The biggest piece of advice I have for Jewish parents
There has been alarming news from college campuses over the last year and a half.
We have seen inflammatory rhetoric, perhaps most notoriously from an extremist student organization at Columbia that endorsed a member’s claim that “Zionists don’t deserve to live.”
There have also been a small number of violent incidents, including the time counterprotesters turned aggressive at the UCLA pro-Palestinian encampment. Another incident occurred when a group of UC Berkeley students protested an Israeli speaker by crowding the building and confronting attendees.
This is alarming. There is no doubt about it. But these sorts of incidents are small in number.
There is plenty to be nervous about, but my biggest piece of advice is to focus more on the positives than the negatives. Rather than focusing your attention on, for instance, antisemitic rhetoric that students chanted during a pro-Palestinian encampment, focus your attention on the Jewish community.
I encourage you to be curious about the positive aspects of Jewish life. There are so many questions to ask, and these are only some of them:
Do Jews on campus find safety and solidarity among peers? What does that look like?

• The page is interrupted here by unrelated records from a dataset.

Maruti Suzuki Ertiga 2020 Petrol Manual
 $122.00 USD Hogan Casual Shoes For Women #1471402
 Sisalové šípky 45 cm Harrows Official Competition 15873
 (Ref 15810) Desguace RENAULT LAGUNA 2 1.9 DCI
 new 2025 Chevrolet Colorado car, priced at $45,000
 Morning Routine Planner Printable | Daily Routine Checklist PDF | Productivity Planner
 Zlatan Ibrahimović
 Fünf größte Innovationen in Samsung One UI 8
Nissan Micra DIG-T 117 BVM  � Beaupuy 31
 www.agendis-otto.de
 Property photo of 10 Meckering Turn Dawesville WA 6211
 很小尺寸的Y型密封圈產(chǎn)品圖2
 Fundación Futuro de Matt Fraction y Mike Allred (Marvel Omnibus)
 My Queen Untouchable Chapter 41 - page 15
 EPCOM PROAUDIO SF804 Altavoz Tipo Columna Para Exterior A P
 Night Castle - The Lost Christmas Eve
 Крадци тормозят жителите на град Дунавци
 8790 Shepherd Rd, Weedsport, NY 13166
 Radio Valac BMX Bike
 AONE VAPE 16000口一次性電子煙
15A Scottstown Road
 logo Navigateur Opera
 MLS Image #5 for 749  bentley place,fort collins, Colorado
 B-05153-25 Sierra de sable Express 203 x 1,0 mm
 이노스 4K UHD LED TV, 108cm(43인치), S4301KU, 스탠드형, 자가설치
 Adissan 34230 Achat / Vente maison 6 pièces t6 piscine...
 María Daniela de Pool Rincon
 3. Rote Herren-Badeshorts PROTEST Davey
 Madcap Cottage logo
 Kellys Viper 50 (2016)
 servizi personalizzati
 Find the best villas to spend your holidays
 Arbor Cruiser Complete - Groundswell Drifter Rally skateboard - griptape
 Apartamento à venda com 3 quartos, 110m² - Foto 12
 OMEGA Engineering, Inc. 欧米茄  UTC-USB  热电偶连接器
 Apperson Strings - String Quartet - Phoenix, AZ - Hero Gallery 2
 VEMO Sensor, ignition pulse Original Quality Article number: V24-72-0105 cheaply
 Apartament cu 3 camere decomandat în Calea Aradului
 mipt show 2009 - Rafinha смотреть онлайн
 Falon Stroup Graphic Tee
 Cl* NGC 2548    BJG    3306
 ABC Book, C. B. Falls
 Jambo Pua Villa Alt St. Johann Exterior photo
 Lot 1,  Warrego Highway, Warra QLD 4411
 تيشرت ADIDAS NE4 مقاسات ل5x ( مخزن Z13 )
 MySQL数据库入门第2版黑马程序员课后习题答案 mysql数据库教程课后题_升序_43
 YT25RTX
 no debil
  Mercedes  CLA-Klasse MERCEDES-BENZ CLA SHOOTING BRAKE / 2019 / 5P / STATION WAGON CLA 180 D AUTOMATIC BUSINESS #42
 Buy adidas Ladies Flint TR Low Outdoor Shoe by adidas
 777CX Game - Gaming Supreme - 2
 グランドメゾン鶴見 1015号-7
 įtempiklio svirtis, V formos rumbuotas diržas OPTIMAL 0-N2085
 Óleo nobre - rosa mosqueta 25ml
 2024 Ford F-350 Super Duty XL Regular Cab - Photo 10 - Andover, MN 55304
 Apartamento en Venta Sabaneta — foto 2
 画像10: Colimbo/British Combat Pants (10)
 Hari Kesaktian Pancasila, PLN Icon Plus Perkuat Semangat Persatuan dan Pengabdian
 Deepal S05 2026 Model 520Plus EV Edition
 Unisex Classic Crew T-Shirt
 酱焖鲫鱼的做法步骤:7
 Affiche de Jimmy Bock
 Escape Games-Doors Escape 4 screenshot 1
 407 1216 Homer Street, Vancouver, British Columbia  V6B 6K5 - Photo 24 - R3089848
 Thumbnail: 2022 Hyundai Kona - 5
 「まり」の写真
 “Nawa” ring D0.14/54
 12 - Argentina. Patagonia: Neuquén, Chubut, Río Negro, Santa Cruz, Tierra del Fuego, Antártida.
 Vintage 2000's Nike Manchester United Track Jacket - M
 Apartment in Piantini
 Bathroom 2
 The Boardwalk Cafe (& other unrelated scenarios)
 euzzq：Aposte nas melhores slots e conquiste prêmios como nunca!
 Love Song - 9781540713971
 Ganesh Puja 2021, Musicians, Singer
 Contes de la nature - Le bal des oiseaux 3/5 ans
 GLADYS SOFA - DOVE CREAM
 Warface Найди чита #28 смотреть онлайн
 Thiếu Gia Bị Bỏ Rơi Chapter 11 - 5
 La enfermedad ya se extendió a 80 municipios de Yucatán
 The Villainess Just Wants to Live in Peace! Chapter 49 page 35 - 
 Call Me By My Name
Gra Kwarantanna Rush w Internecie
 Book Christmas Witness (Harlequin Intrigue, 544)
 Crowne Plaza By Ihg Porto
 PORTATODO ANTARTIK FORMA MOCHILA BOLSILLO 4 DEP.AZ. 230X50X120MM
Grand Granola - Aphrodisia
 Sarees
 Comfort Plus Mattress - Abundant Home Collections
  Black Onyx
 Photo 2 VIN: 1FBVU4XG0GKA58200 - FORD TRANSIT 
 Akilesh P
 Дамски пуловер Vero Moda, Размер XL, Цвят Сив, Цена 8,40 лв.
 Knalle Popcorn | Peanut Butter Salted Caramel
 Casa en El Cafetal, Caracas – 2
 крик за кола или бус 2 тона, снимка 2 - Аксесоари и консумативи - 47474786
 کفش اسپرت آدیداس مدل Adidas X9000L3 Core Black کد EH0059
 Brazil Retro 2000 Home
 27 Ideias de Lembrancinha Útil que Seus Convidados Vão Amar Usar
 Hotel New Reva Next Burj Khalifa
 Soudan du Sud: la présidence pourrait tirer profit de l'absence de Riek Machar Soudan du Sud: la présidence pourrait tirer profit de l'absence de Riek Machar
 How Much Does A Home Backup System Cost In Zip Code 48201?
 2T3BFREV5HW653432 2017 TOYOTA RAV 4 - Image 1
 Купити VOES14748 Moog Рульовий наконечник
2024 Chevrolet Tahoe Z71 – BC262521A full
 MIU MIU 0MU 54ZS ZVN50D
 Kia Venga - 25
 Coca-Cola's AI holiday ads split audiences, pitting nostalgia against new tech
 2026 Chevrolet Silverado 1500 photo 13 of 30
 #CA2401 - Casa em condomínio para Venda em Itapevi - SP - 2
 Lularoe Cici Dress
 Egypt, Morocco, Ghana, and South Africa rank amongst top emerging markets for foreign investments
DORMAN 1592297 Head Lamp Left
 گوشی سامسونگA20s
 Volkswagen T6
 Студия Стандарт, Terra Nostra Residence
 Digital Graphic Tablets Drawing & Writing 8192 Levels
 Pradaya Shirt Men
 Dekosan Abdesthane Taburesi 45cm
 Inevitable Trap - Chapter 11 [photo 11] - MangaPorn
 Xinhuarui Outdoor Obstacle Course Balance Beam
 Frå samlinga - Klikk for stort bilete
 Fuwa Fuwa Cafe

What support do Jewish faculty and staff provide?
How do Jewish student leaders support and advocate for their peers?
How big is the Jewish population?
What sort of programming is there?
What ideological diversity exists within the Jewish community?
How does the Jewish community navigate its ideological diversity?
It can be upsetting to witness, but tension and inflammatory rhetoric around the Israeli-Palestinian conflict is not indicative of a rot at the core of the student body. It is unfortunately par for course because the Israeli-Palestinian conflict is prolonged and volatile. It incites strong emotions in those who learn about it.
Jewish students do not need to limit their options because of extremism that exists among a small but vocal portion of the student body. Jewish students can still find belonging in communities where there is tension around the Israeli-Palestinian conflict.